About the Event
Graphics Processing Units (GPUs) are becoming common in data centers for tasks like neural network training and image processing due to their high performance and efficiency. GPUs maintain high throughput by running thousands of threads simultaneously, issuing instructions from ready threads to hide latency in stalled threads. While this is effective for keeping the arithmetic units busy, the challenge in GPU design is moving the data for computation at the same high rate. Any inefficiency in data movement and storage will compromise the throughput and energy efficiency of the system.
GPUs in the data center have design goals that make careful data management more critical than before. With energy consumption and cooling being much of the cost of running a data center, energy efficiency is a key concern. Increasing efficiency involves removing stalls and unnecessary overheads like unused thread state. Data center GPUs are shared between multiple users and jobs, and controlling interference between workloads running on the same GPU is another opportunity to increase utilization and efficiency.

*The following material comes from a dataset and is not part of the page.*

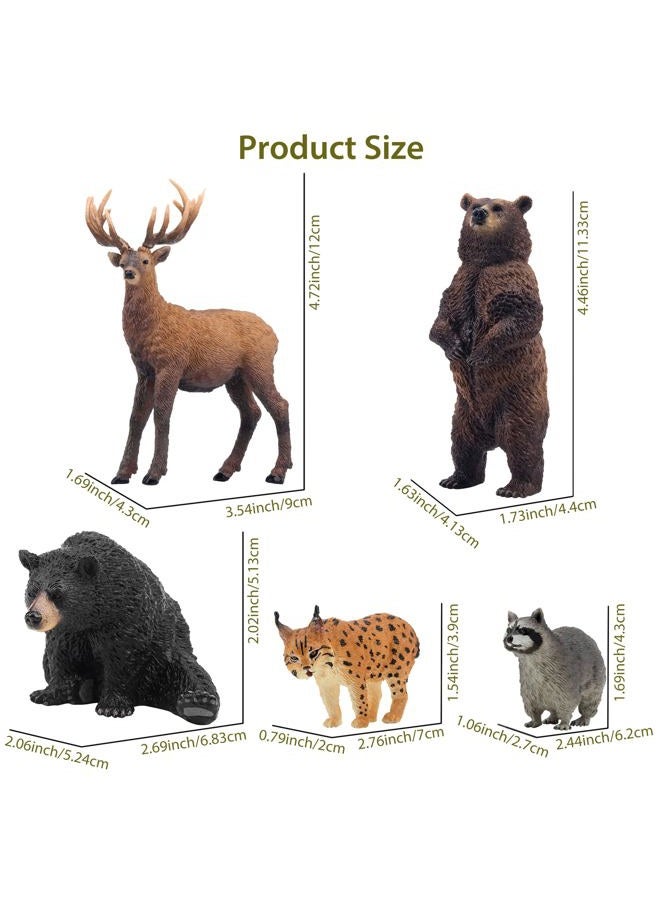 TOYMANY 12PCS North American Forest Animal Figurines, Realistic Jungle Animal Set Includes Raccoon,Lynx,Wolf,Bear,Eagle, Educational Toy Cake Toppers Christmas Birthday Gift for Kids Toddlers - Image 2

This thesis develops techniques to manage and streamline the data storage and movement resources in GPUs. To reduce the amount of data moved from memory, a new type of locality is exploited to merge additional memory requests. To shrink the storage needed for thread state, compiler-guided dynamic register allocation and management is used to store only a subset of registers in high-throughput register structures. Finally, to increase utilization and throughput for shared data center GPUs, dynamic performance prediction and resource allocation is used to meet performance targets for workloads running on the same GPU.